Poet, Publisher, Editor and Educator
Born Donald Luther Lee in
Little Rock,
Arkansas, in 1951, Haki Madhubuti currently resides in
Chicago,
Illinois. He attended the
University of Illinois and received an M.F.A. from the
University of Iowa. In 1996, he was awarded the Doctor of Humane Letters from
DePaul University of
Chicago and
Sojourner-Douglass College in
Baltimore.
Madhubuti has published 22
books (some under his former name Don L. Lee). He is one of the world’s
best-selling authors of
poetry and non-fiction, with books in print in excess of 3 million.
Books of poetry include:
Heart Love: Wedding & Love Poems (Third World Press,1998),
Groundwork Selected Poems of Haki R. Madhubuti Don L. Lee (1996),
Killing Memory, Seeking Ancestors (1987),
Earthquakes and Sunrise Missions: Poetry and Essays of Black Renewal, 1973- 1983 (1984),
Book of Life (1973), and
Directionscore: Selected and New Poems (1971).
His prose works include:
Claiming Earth: Race, Rage, Rape, Redemption (1995),
Black Men: Obsolete, Single, Dangerous? (1990) sold over 1,000,000 copies,
Enemies: The Clash of Races (1978), and
Dynamite Voices I: Black Poets of the 1960s (1971).
He is the editor most recently of:
Million Man March/Day of Absence: A Commemorative Anthology (1996).
A proponent of independent Black institutions, Madhubuti is the founder publisher and chairman of the board of Third World Press (1967) and the Black Books Bulletin. He is also a founder and board member of the National Association of Black Book Publishers and The National Literary Hall of Fame for Writers of African Descent.
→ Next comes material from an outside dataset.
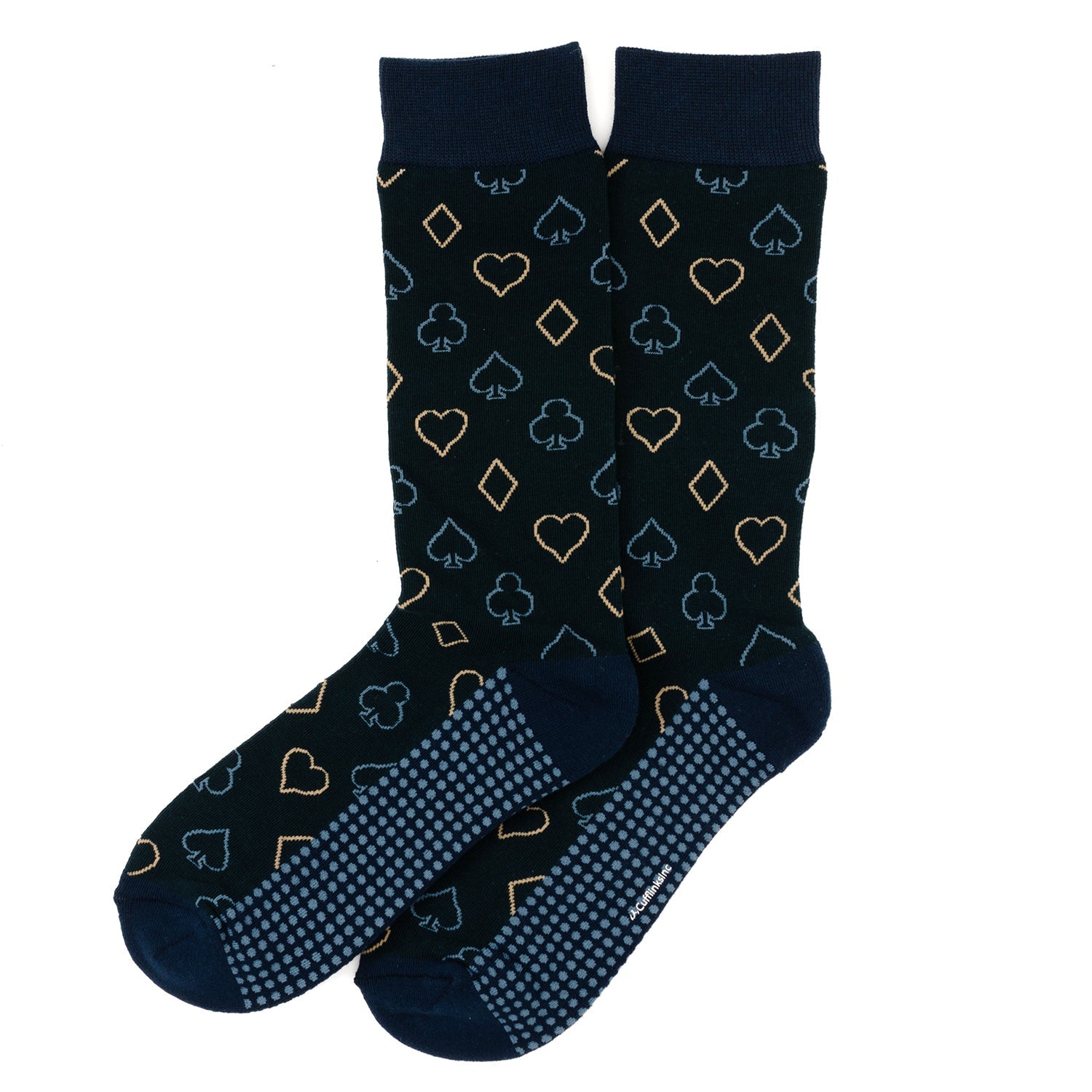 Cufflinks.com Card Suits Casino Blue Men's Socks feature blue and gold club, spade, heart, and diamond details plus non-slip soles—a stylish choice for card game fans.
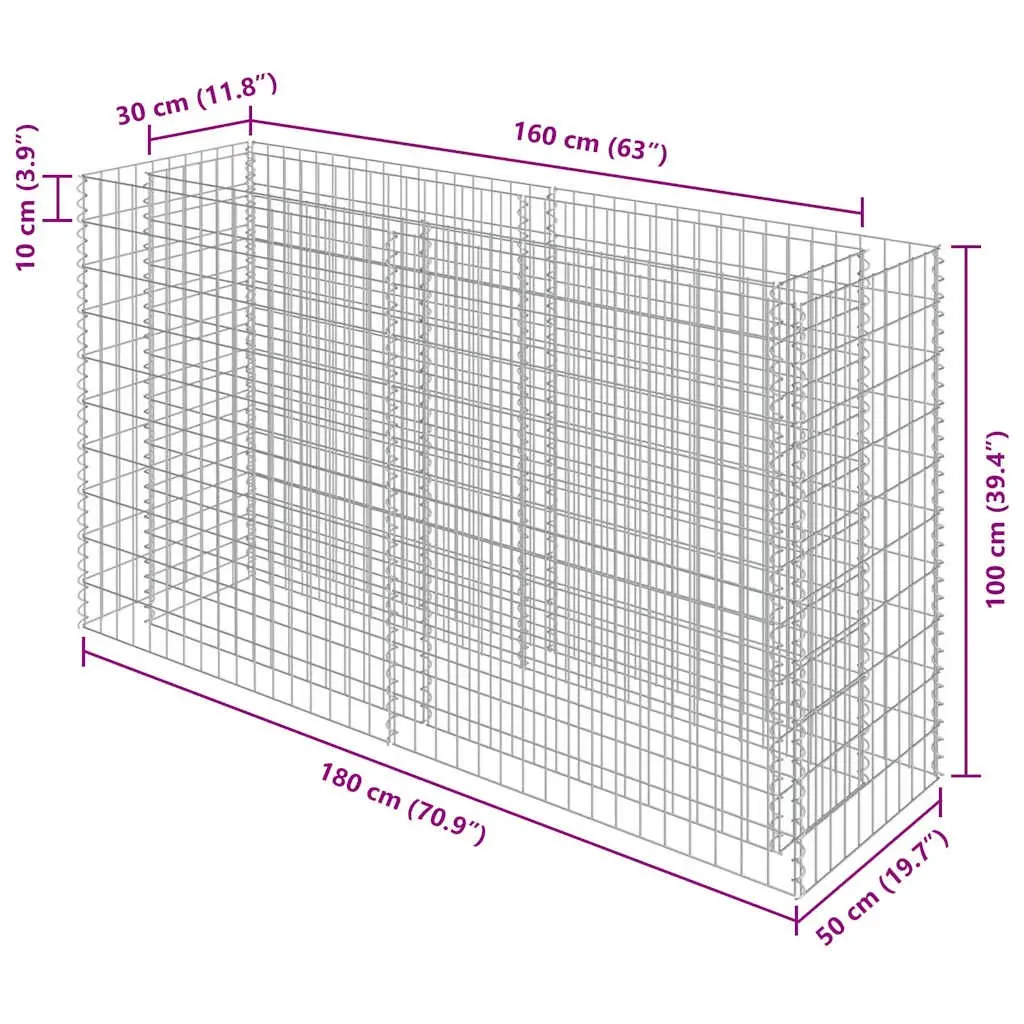 Raised Garden Bed Silver Galvanised Steel 180x50x100cm Mesh Construction Planter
Among his honors and awards are an American Book Award (1991) and fellowships from the National Endowment for the Arts and the National Endowment for the Humanities. Madhubuti is a professor of English and Founder & Director Emeritus of the Gwendolyn Brooks Center at Chicago State University. The Gwendolyn Brooks Center hosts the only Annual National Black Writers Conference in the United States.